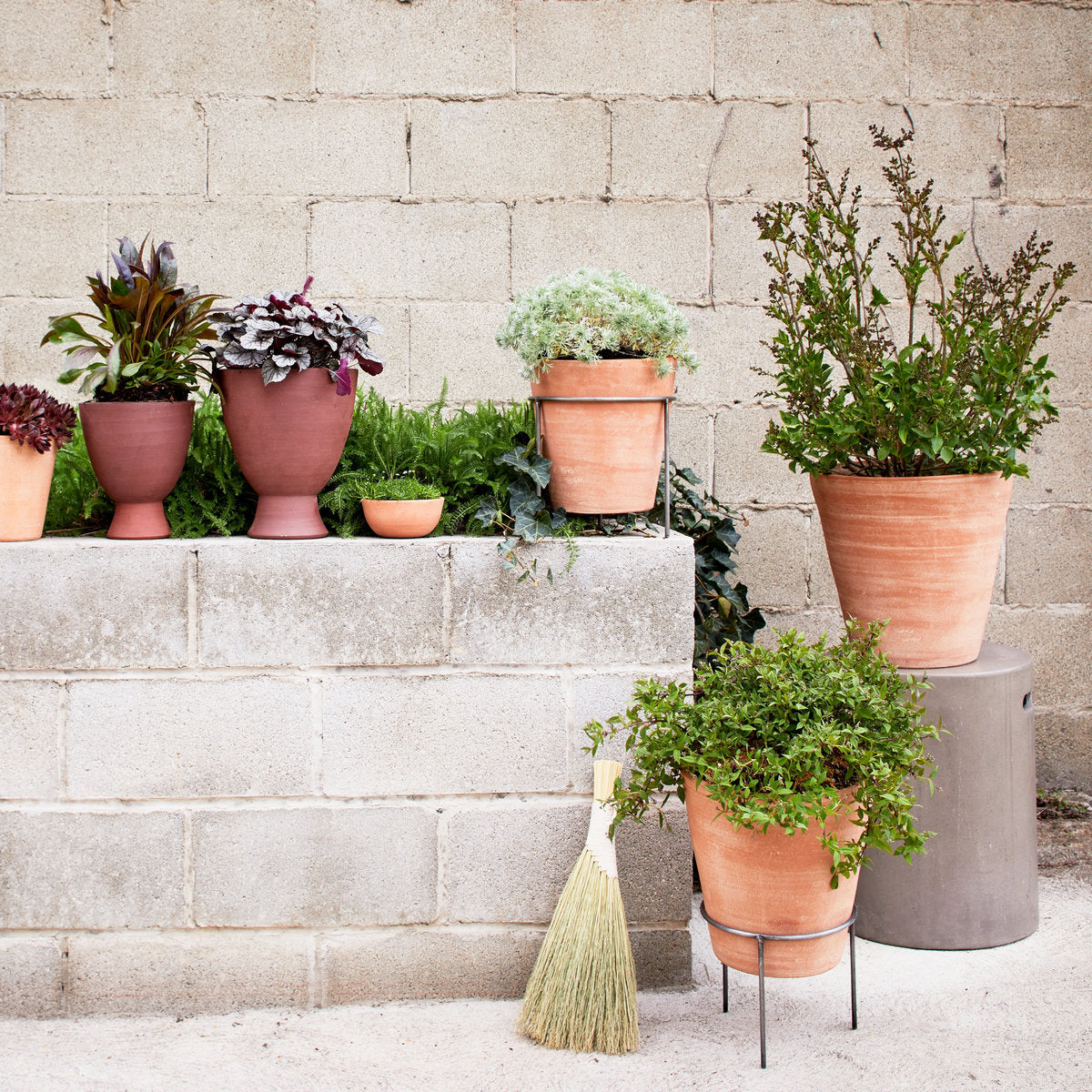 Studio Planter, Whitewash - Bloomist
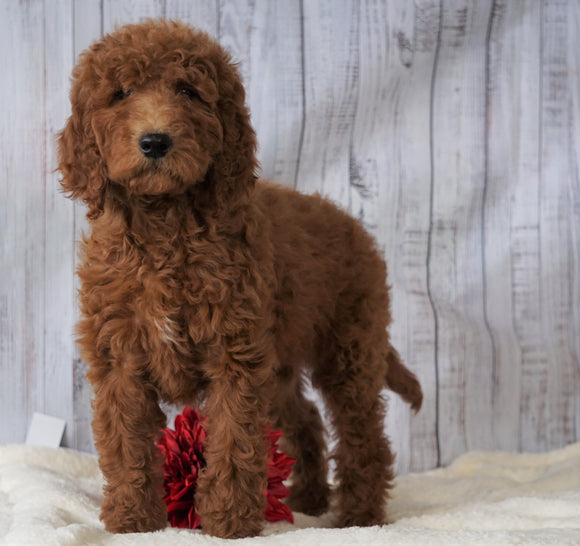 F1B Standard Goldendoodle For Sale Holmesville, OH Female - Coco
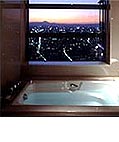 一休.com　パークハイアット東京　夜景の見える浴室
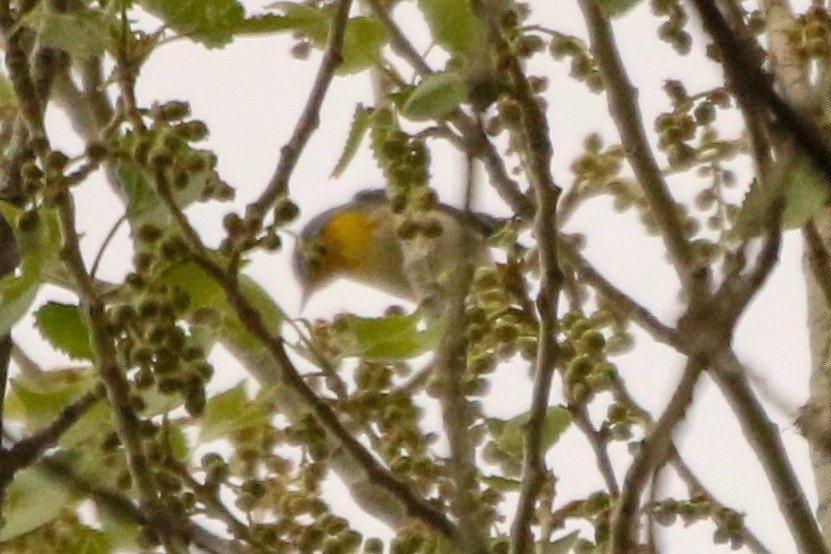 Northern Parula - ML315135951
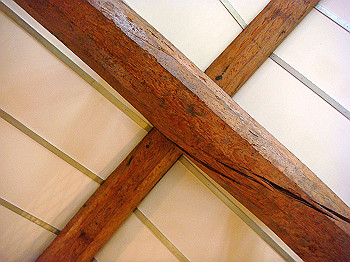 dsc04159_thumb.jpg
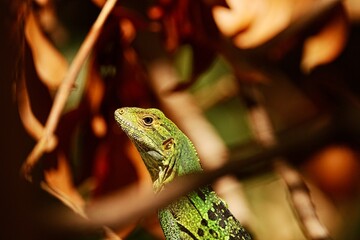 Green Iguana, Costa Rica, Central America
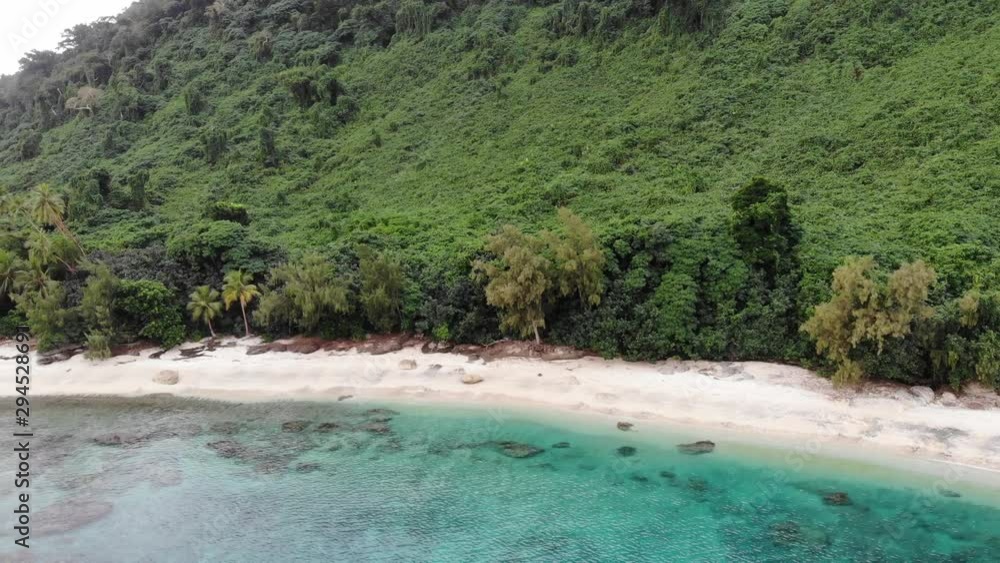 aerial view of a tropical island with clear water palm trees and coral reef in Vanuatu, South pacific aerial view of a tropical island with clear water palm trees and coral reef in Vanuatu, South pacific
★ ★ ★ ★ ★
__Your task__. Print the entries above exactly, taking out only the pictures.

__Answer to this problem__.
 Studio Planter, Whitewash - Bloomist
 F1B Standard Goldendoodle For Sale Holmesville, OH Female - Coco
 一休.com　パークハイアット東京　夜景の見える浴室
 Northern Parula - ML315135951
 dsc04159_thumb.jpg
 Green Iguana, Costa Rica, Central America
 aerial view of a tropical island with clear water palm trees and coral reef in Vanuatu, South pacific aerial view of a tropical island with clear water palm trees and coral reef in Vanuatu, South pacific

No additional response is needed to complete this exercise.